■ DATA SECTION ■
◆ ◆ ◆ ◆ ◆
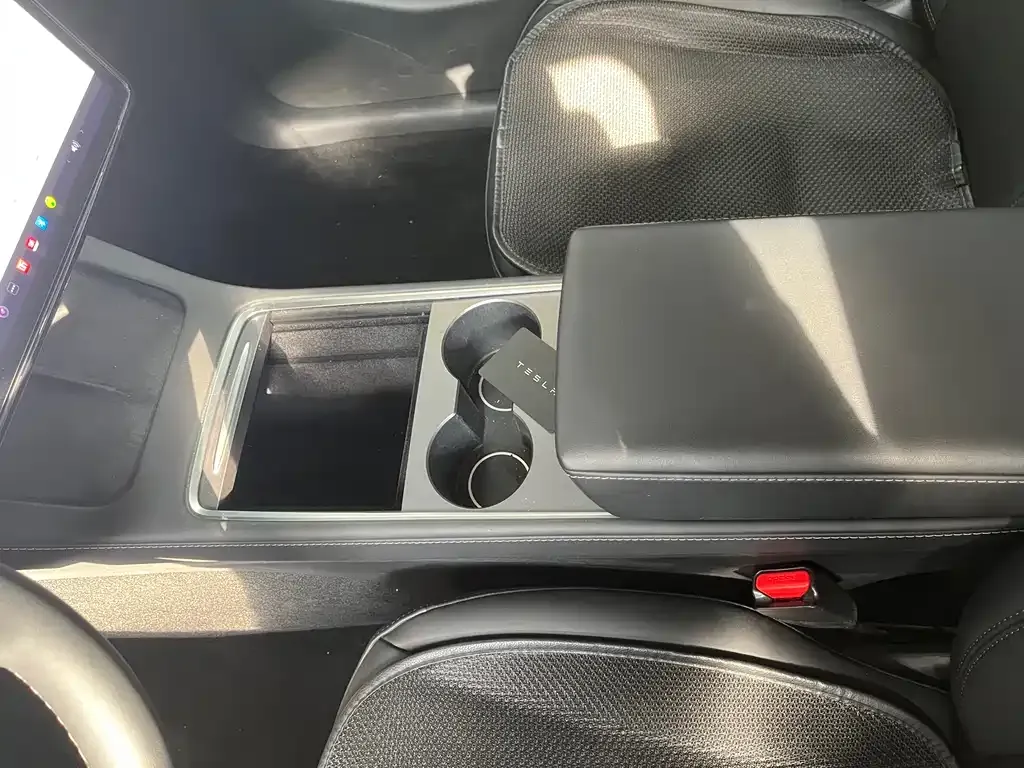 Tesla Model Y 2022 из CN, фото 7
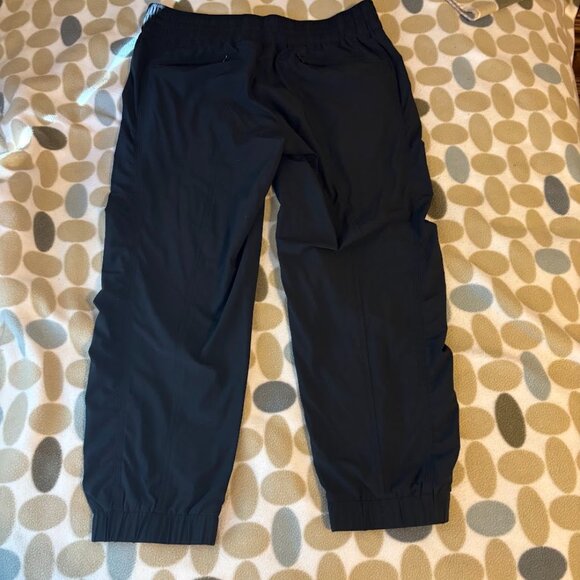 Athleta La Viva Crop Jogger Pants Size 4 Black Zip Pockets Loose Stretch 964585 - Picture 3 of 6
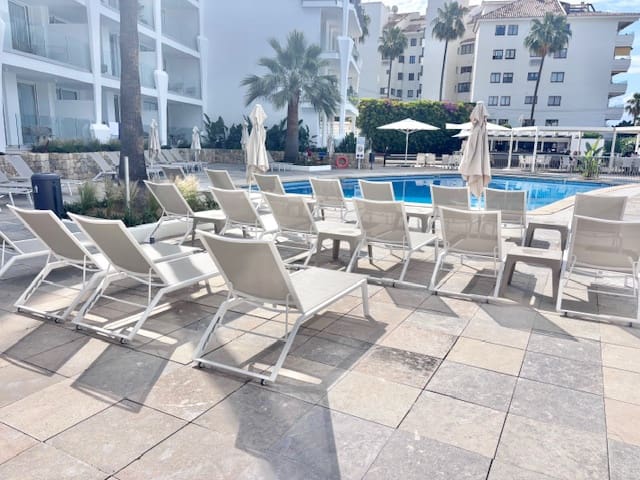 1 quarto Apartamento para arrendar em Palmanova com piscina - 1 800 € (Ref: 10111930)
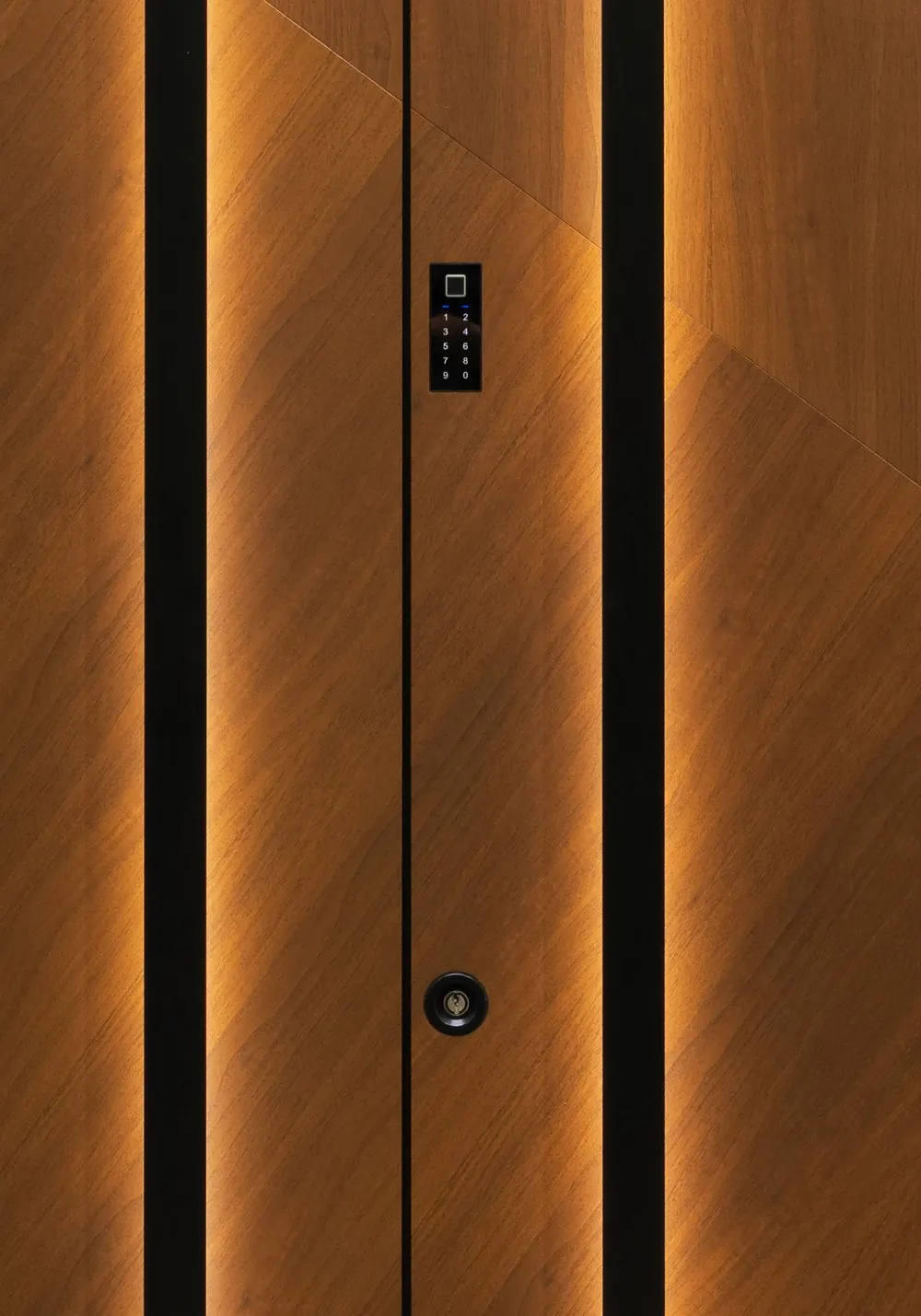 Vantail décor bois avec lecteur d'empreintes et clavier intégrés et barre de tirage rétroéclairée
◆ ◆ ◆ ◆ ◆
■ GOAL OF THE EXERCISE ■
Print the listing exactly. No pictures belong in the copy.

■ YOUR RESPONSE ■
 Tesla Model Y 2022 из CN, фото 7
 Athleta La Viva Crop Jogger Pants Size 4 Black Zip Pockets Loose Stretch 964585 - Picture 3 of 6
 1 quarto Apartamento para arrendar em Palmanova com piscina - 1 800 € (Ref: 10111930)
 Vantail décor bois avec lecteur d'empreintes et clavier intégrés et barre de tirage rétroéclairée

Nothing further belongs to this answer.